A teacher from a South Auckland school has had his registration cancelled after he pushed a student so hard it led to a bleeding nose.
Andrew Ratene Ormsby, former teacher at Kura Akonga o Manurewa, was found to have used unreasonable force on a 6-year-old child, the Teachers Disciplinary Tribunal said.
In May 2016, Mr Ormsby asked the child to stop misbehaving, but the child didn't budge. He then called the child saying "haere mai".
When the child approached him, he pushed the child's head with his hand and the child went face first into the partition wall of the classroom.
The impact of hitting the wall left the child with a bleeding nose and a sound loud enough for the teacher on the other side of the partition to hear the thump.
Several children witnessed the incident and the matter was referred to police and Child Youth and Family, now Oranga Tamariki, and the Teaching Council. The Complaints Assessment Committee (CAC) undertook an investigation.

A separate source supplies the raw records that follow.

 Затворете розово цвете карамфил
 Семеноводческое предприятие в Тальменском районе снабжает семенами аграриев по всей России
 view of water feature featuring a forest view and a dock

Mr Ormsby, who had worked at the kura for approximately six years, was suspended and in August 2016 signed an undertaking not to teach.
In December 2016, he received a warning from police for assault on a child.

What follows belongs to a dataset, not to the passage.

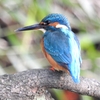 Kingfisher 01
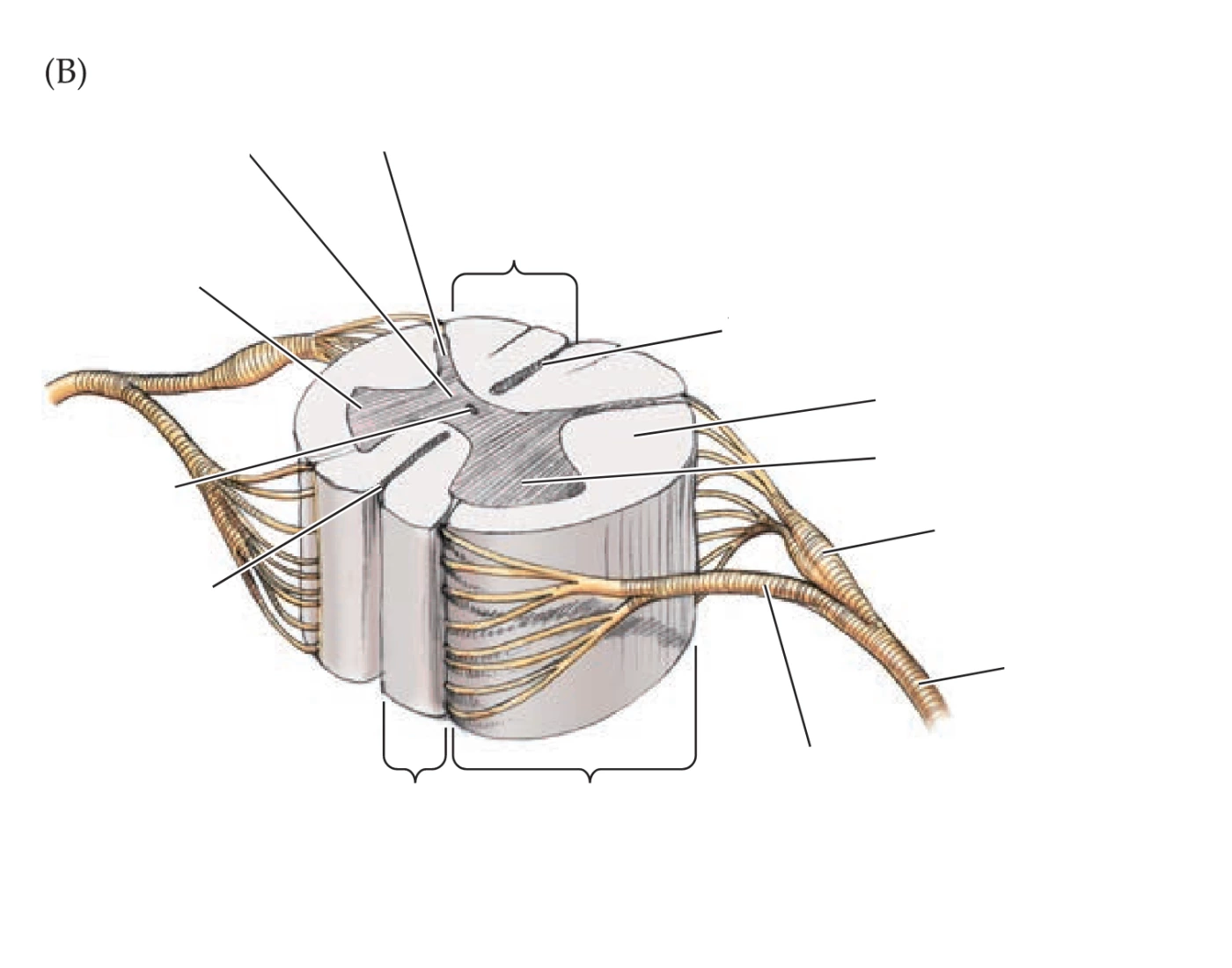 Sensorial Roots ) Dorsal sensory roots and ventral motor roots — Printable Worksheet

He denied the substance of the CAC charge of serious misconduct.
Initially, he accepted that his behaviour amounted to serious misconduct and he subjected the child to physical abuse. He then changed his stance.
Mr Ormsby accepted he was guilty of serious misconduct, in that he had failed to keep a child safe.
In hindsight, he explained it was the flu that affected his self-control.
He said he wasn't "feeling any anger" towards the child but was unwell at the time with "flu-like" symptoms.
Mr Ormsby said he didn't intend to apply force, but accidentally pushed the child into the wall when he sneezed.
"My nose was very thick with mucus and I think that I sneezed at about that time," he said.
He said he shouldn't have been at school that day because his ability to "react to anything was very low".
"I never imagined that this day would turn my whole world upside down. I am still struggling with the idea that a child was hurt by me under my care."
The Teachers Disciplinary Tribunal said that something "as ordinary as a transitory illness" could not operate as a justification or excuse.
The tribunal were "unable to reconcile his admission of misconduct for something that he alleged to have happened accidentally".
It rejected Mr Ormsby's submission and found that he "intentionally applied force" to the child stating a significant amount of force was used.
However, his counsel said the evidence around an "intentional push" wasn't certain.
This incident was an "extremely clear-cut example of serious misconduct," the tribunal said.
Mr Ormsby's registration was cancelled and he was ordered to pay $10,497 to the CAC and $3,467 to the Teaching Council.